What you need to do: The answer should hold only the lines from the one that contains "Träger Maxi-Kleid mit" through the last line of the material, repeated exactly, without pictures.
##### Information shown #####
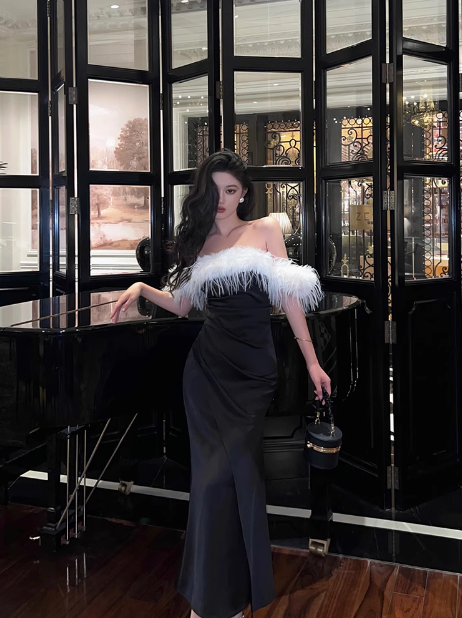 Robe sirène élégante en satin noir à épaules dénudées pour 21e anniversaire, tenue de soirée, idées de robes d'anniversaire pour femmes, DP1448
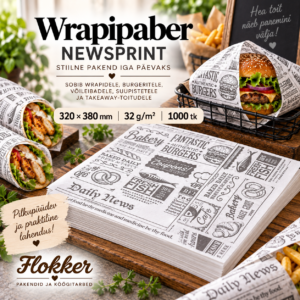 Valge NEWSPRINT wrapipaber 320 × 380 mm burgeri, wrapi ja takeaway-toidu pakendamiseks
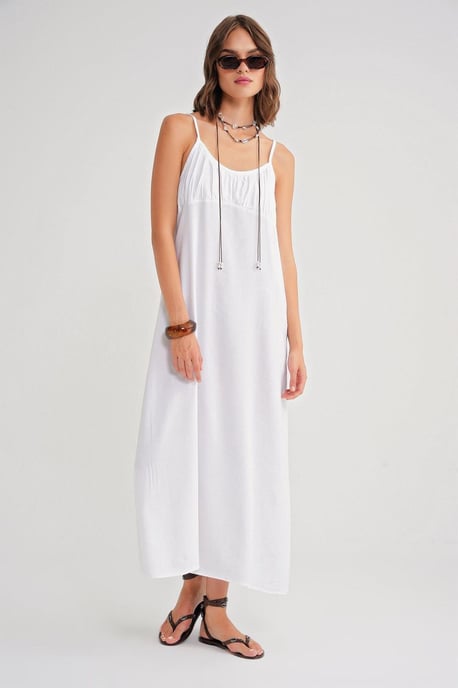 Träger Maxi-Kleid mit gerafftem Detail - Image 1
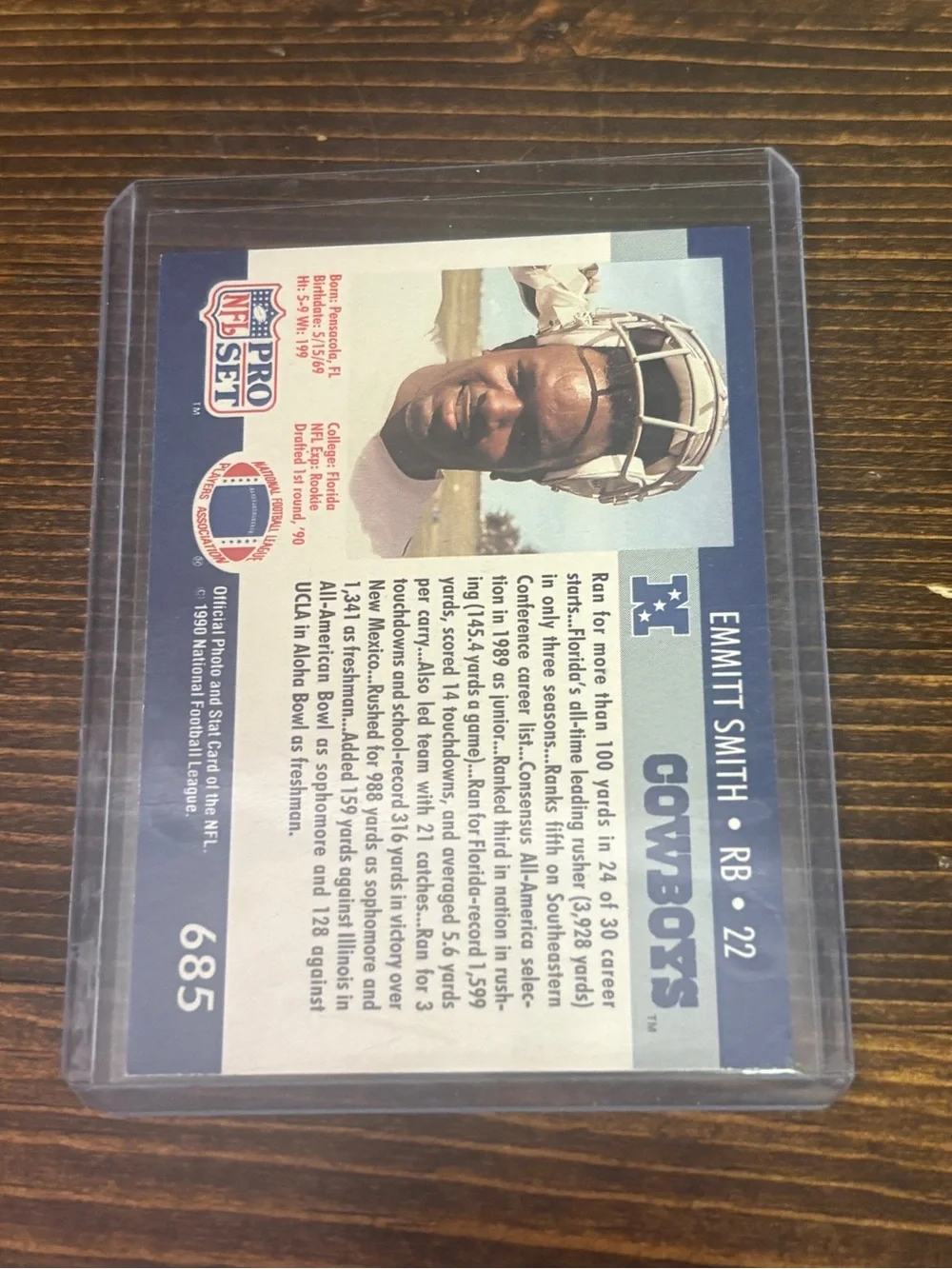 1990 Pro Set Emmitt Smith Rookie Card Dallas Cowboys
#####
Answer below:
 Träger Maxi-Kleid mit gerafftem Detail - Image 1
 1990 Pro Set Emmitt Smith Rookie Card Dallas Cowboys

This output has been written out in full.